I’ve had too many interviews where the interviewer was stubborn, critical, condescending, dismissive, and basically an asshole. It’s almost impossible to succeed in these cases unless you fit their mold perfectly and even then it’s not a guarantee. Here are some signs that it might not be your answer that’s at fault:

  • Your interviewer is flipping between high level criteria and specific technologies (i.e. we need a customer service but please use AWS lambda)
  • Your interviewer is telling you where to draw your lines without explaining why
  • Your interviewer is repeatedly cutting you off when you try to ask clarifying questions and replies with “just implement it the way it is”
  • Your interviewer says “uhhh” a lot and doesn’t seem to know where he or she is going with the question
  • Your interviewer changes the question halfway through: did I say architecture? I meant library
  • You were incorrectly leveled by your recruiter (surprise!) and you feel deeply in over your head.

Leveling?

All companies put their applicants into buckets that are highly variable but sort of follow this structure:

  • 0 to 2 years of experience: entry level
  • 2 to 5 years of experience: mid level
  • 5+ years of experience: senior level
  • 12+ years of experience: principle or CTO level

Highly variable by company, geographic area, job role, and how the recruiter feels that day.

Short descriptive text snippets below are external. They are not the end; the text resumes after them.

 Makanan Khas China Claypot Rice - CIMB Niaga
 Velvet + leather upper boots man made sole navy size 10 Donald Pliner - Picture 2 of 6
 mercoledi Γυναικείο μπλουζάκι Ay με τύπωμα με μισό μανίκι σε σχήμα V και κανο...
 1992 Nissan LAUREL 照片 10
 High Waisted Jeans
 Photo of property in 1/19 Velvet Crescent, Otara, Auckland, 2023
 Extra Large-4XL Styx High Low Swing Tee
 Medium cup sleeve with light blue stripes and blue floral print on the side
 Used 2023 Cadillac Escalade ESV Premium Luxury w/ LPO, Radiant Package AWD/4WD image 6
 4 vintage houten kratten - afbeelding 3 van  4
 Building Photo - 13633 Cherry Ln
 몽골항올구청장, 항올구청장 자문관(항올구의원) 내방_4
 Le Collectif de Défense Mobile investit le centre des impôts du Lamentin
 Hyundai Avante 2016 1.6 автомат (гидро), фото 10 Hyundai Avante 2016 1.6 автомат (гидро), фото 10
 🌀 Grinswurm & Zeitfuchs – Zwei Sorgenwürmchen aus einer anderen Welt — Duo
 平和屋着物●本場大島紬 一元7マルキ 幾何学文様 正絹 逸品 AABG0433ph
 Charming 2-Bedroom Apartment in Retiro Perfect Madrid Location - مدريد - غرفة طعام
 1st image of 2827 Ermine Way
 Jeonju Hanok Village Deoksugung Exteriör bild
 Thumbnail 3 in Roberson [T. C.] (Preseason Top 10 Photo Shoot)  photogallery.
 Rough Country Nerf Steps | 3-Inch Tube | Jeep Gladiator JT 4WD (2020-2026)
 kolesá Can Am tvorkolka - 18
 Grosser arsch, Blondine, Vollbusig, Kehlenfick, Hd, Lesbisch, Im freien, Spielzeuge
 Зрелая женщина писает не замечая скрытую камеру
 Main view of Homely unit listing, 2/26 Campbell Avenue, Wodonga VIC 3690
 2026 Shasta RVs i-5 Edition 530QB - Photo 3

I think it’s unreasonable to ask an entry level applicant a design question because they may or may not have encountered them. If an applicant is on a border of experience levels, they may ask this question to see which bucket they fit in. Finally, as above, recruiters and interviewers don’t talk.

In Conclusion

Just don’t draw a single box with a SQL database schema as your answer. Good luck!

 

Defensive Interviewing

If you’ve interviewed anywhere in tech, you’ll hear the advice or instructions to have questions ready for your interviewers. Which questions do you ask though?

Hopes and Fears

Everything boils down to what you want to happen and what you don’t want to happen.

Hopes

  • Belonging
  • Achievement
  • Trust
  • Growth
  • Variety
  • Money – this one is salary negotiation so I’ll skip it

Fears

  • Exploitation
  • Rejection and isolation
  • Boredom
  • Stress

Now that we’ve got the heavy stuff out of the way, how does that translate into interview questions?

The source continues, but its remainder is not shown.